As mentioned in the previous log, the WS2812 is driven by a serial asynchronus square signal of 800KHz, and the duty will determine if the value transmitted is a '1' or a '0'.
- if the signal is high for 0.8µs, and then goes low for 0.45µs, it's transmitting a '1' (duty cycle 64%)
- if the signal is high for 0.4µs, and then goes low for 0.85µs, it's transmitting a '0' (duty cycle 32%)
Now this timming can be a bit of pain to achieve if trying to do by "bitbang". By "bitbang" I mean setting level high, doing a couple of NOPS or dummy instructions, then setting it low, and so on for the total amount of bits required for all the pixels. And any interruption or asynchronous event will ruin the timming.

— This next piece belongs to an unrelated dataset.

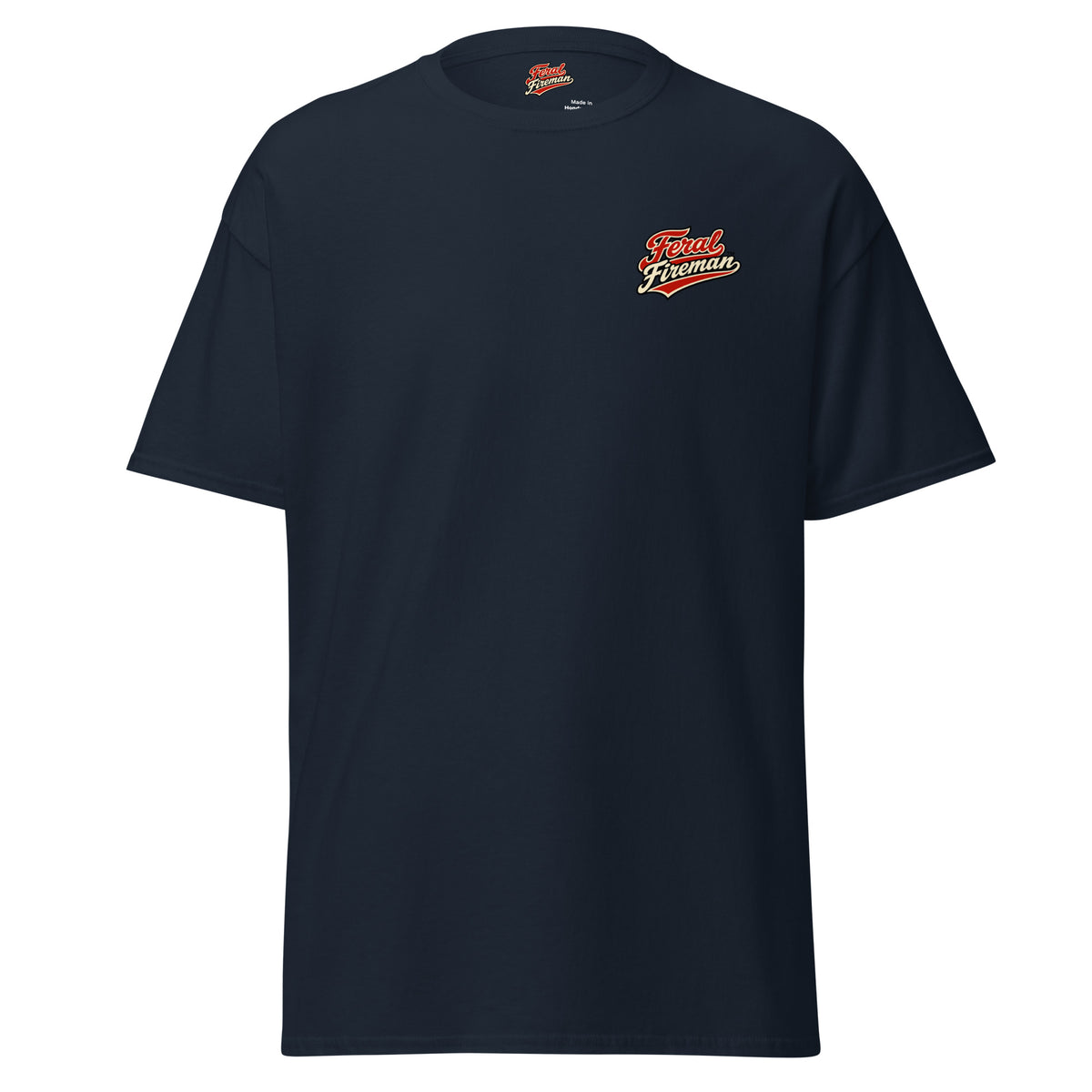 Felon Feral Fireman Essential Tee in navy, front view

I saw some projects use an SPI peripheral, setting its clock in a convenient way, and achieving the duty with the data bits. It's a clever way to do it, which has several advantages, including easing a lot the CPU usage. But it also makes the required memory grow significatively, as each pixel bit demands several bits of memory.
So I went for a more basic/traditional/academic approach. The STM32F103C8 Timers can be configured to generate PWM signals on a pin, and use a DMA channel to load the following value. That way, if the LED strip is connected to the right pin, it can be refreshed with accurate timming and minimal CPU usage.

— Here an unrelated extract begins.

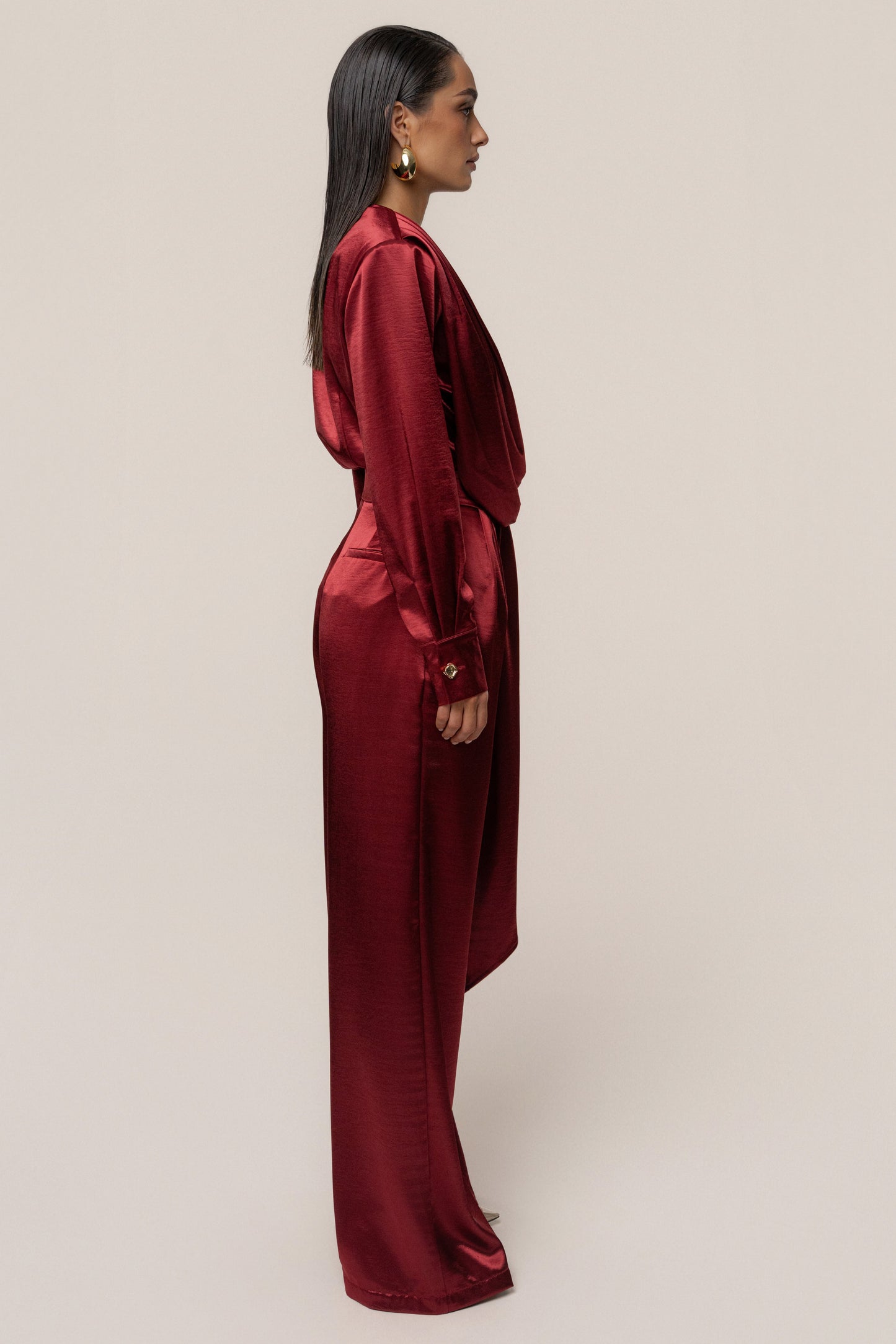 Burgundy Signature Satin Trousers JLUXLABEL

As both peripherals are quite architecture/vendor specific, they are rarely used in frameworks like Arduino or Mbed, and require using the STM32CubeMx tool to generate the skeleton of the application. The timer channel is configured to generate a precise 1.25µs clock signal, and the PWM value in the channel will set the duty to 32% or 64% if it's a '0' or a '1'.
I wrote the first couple of functions of the GFX_DRV module, and quickly realized the idea was not as efficient as I envisioned. Instead of 3 or 4 bits per pixel bit, I was now using 16 bits (that's the size of the timer compare register) per pixel bit. The code was simple to understand and debug, but not worth the memory budget.

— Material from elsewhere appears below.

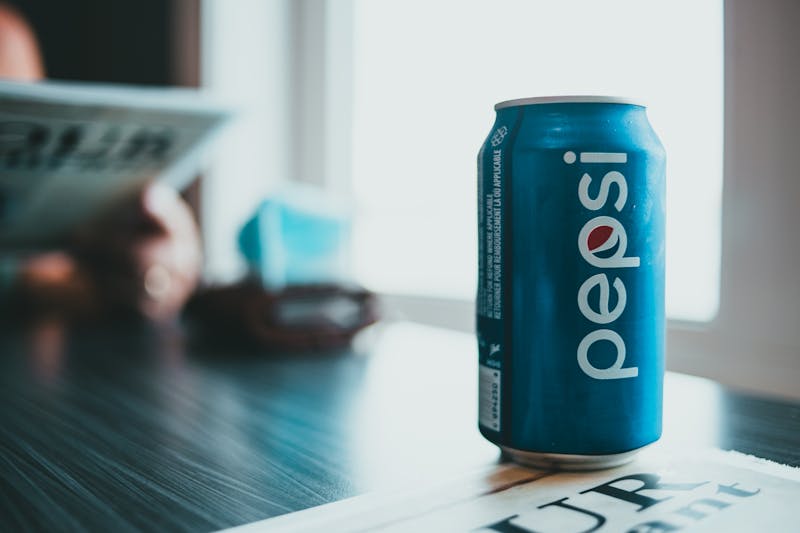 Classic soft drink can in restaurant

Yet I decided to keep it with some extra change. The refresh procedure was split into two levels, the Timer/DMA doing one full pixel at a time, and the CPU reloading the buffer with the next pixel values when the DMA cycle was completed.
The memory overhead is now fixed to 48 bytes, independently of the screen size. The CPU, when the screen needs an updated, is required to reload the timer buffer every 30µs, which is not ideal. But as it's not doing anything else, it turned out to be acceptable in the end.